Now, as already pointed out, there was a complete failure not only against one, but against both, in the original suit, which the defendant answered, because it was on a joint contract, and there was proof that it was no joint contract, and therefore, whether service was obtained upon Dunn within the county or not, judgment could not be entered against either; *Page 299 and then the plaintiff had the nonsuit set aside; and the court was wrong in setting it aside. The plaintiff then dismissed his action against the resident defendant and filed an amended declaration against Dunn alone upon his individual contract, and, of course, no summons had been served upon him in the county and he took the earliest opportunity to raise the question of jurisdiction by a motion, which was proper as the case then stood, and it should have been granted, and the Supreme Court, in 4 Ohio State, was absolutely right; but I cannot see how that is an authority for the decision in the Bucurenciu case, for it must be remembered that in that case the parties were sued in Mahoning county, the petition alleging the defendants to be joint tort-feasors, and service was made upon the resident defendant in Mahoning county, and the defendant Cohen was brought in by service out of the county, and Cohen, thus brought into court, answered by a general denial, and that does not necessarily raise the question of jurisdiction. A general denial only traverses the things that are set forth in the petition, and it was not necessary to set forth the fact that this person was a nonresident of the county; nor does it appear that such an allegation was in the petition, or anything that would raise the question of jurisdiction; but the case at bar, the writer of this opinion will admit, is within the ruling laid down by the Supreme Court in the Bucurenciu case.

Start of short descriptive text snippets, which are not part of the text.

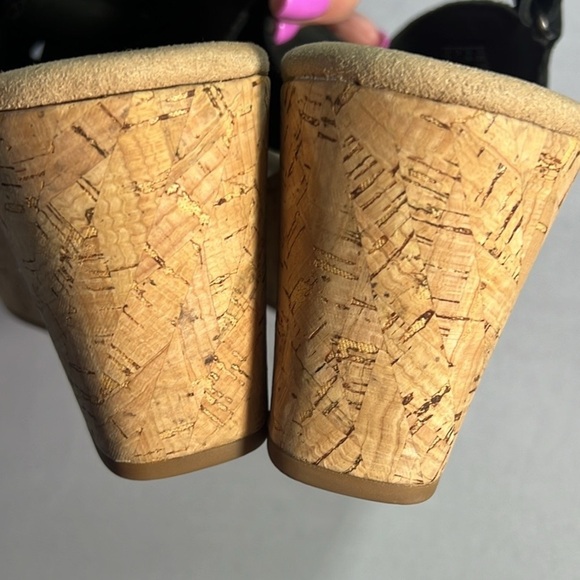 Clarks black wedge sandals sling back - Picture 6 of 8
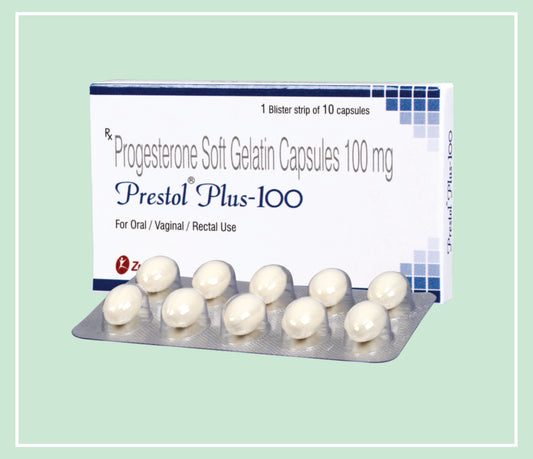 PRESTOL PLUS 100 CAPSULE (10x1x10C) Progesterone 100 mg by Zuventus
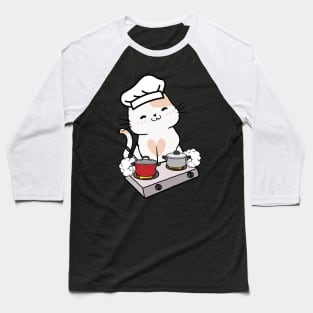 Funny white Cat is cooking Baseball T-Shirt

Now it must be remembered that a suit on a joint contract, like that in 4 Ohio State, and a suit against joint tort-feasors, are not parallel. A suit may be brought against joint tort-feasors and a recovery had against each or any of them, but that is not so *Page 300 in a joint contract; the judgment must be against all or none. Now the court, it seems to me, begs the question when it says that the general denial is a plea to the jurisdiction. The authorities all seem to hold that the question of jurisdiction may be raised either by a motion or by an answer, and, where it cannot be raised by a motion, and it is conceded by both parties it could not be in the instant case, it seems to the writer of this opinion that an answer should have been filed setting up the fact that this was not a joint liability, that they were not joint tort-feasors, and that the defendant in question was a nonresident of Cuyahoga county, and that there had been no service made upon it in Cuyahoga county, and request made that it go hence for the want of jurisdiction, as was done in Drea v.Carrington, 32 Ohio St. 595, where the jurisdiction was attacked both by motion and by answer raising the jurisdictional question (and it was not by general denial), the Supreme Court holding that this answer raised an issue of fact which was triable to a jury; at the same time holding that, where the petition set up a joint liability, the jurisdiction over a defendant served outside of the county could not be reached by motion. In the instant case the defendant could have gone on and filed, in addition to the allegations in the answer setting up the want of jurisdiction, a plea of general denial, or any specific defense he might have had, and it would have been the duty of the court to have heard the question of jurisdiction first, and evidence could have been taken and the issue of jurisdiction submitted to the court or jury. See 32 Ohio State, supra. Then if it was found that this defendant was not within the county and there was no joint liability, the court or jury, *Page 301 of course, would have to have found in his favor. That would have ended the lawsuit so far as he or it was concerned.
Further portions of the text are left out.